Nunca han sido fáciles las relaciones entre China y Japón. A los desencuentros históricos se unen ahora diferencias geopolíticas, litigios territoriales y la competencia económica y comercial en un tiempo de transición en el que un nuevo mapa se está perfilando en la región.

La falta de reconocimiento por parte de Japón, de sus responsabilidades históricas por el daño infligido a China y a otros países asiáticos no es un asunto baladí. Tampoco nuevo. La diferencia entre la actual y otras situaciones anteriores similares radica en el contexto. Primero, en el plano bilateral. China y Japón tienen dificultades para ponerse de acuerdo en las indemnizaciones a satisfacer a las víctimas por los daños causados, también en la asistencia técnica a prestar para la retirada de las armas químicas que aún se hallan en territorio manchú, mientras se multiplican los gestos de corte nacionalista que generan un profundo hastío en sus vecinos, especialmente cuando cuentan con la implicación de las máximas autoridades del país (visitas al templo Yasukuni). La decisión de conceder la exención de visado a los ciudadanos de Taiwán, la recepción al Dalai Lama, la inclusión de esta isla en el perímetro estratégico defensivo nipoestadounidense, las actuaciones desarrolladas en determinados islotes cuya titularidad es objeto de disputa, etc, tampoco son asuntos menores. Y a ello debemos añadir una tendencia de fondo, el progresivo desplazamiento de la influencia económica y comercial nipona en numerosos países de la región en beneficio de China, potencia emergente, y el subsiguiente nacionalismo-refugio que Japón avizora después de una década de crisis que no parece tener fin.
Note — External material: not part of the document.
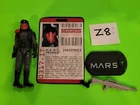 M.A.R.S. Industries Trooper ROC Rise of G.I. JOE COBRA 25th LOOSE Complete Z8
Segundo, en el plano regional y mundial. La reacción china, más intensa que en anteriores ocasiones, tiene un objetivo principal, desacreditar el intento de Japón de acceder al Consejo de Seguridad de Naciones Unidas. Un país que se niega a asumir su pasado más tortuoso no es digno de formar parte de tan selecto sanedrín. Las manifestaciones, los millones de firmas recogidas por toda China y otros países, forman parte de una estrategia que puede dañar sensiblemente la imagen de Japón en el mundo y resultar muy exitosa. La actitud de Tokio a este respecto es difícilmente comprensible.

Por último, China, con este proceder, envía de nuevo un mensaje a EEUU, el país tercero pero decisivo en Asia Pacífico, para que modere a un aliado que evidencia cada vez más intenciones y propósitos de abandonar su situación de marginalidad política, asumiendo un protagonismo negativo que preocupa en la región, generando admiración y temor al mismo tiempo, una percepción, paradójicamente, equiparable a la suscitada por China. Pekín, donde el nacionalismo también se presenta como un buen puerto de escala, no está dispuesto a transigir en cuestiones que considere de principio y que afecten a su orgullo nacional. El tiempo de las humillaciones ha pasado.

Cabe imaginar que en los próximos años, situaciones como la presente se nos vuelvan familiares. Así será en tanto estas dos potencias no encuentren un lenguaje común para resolver sus diferencias y, sobre todo, en tanto Japón no encaje el despertar chino y sus consecuencias.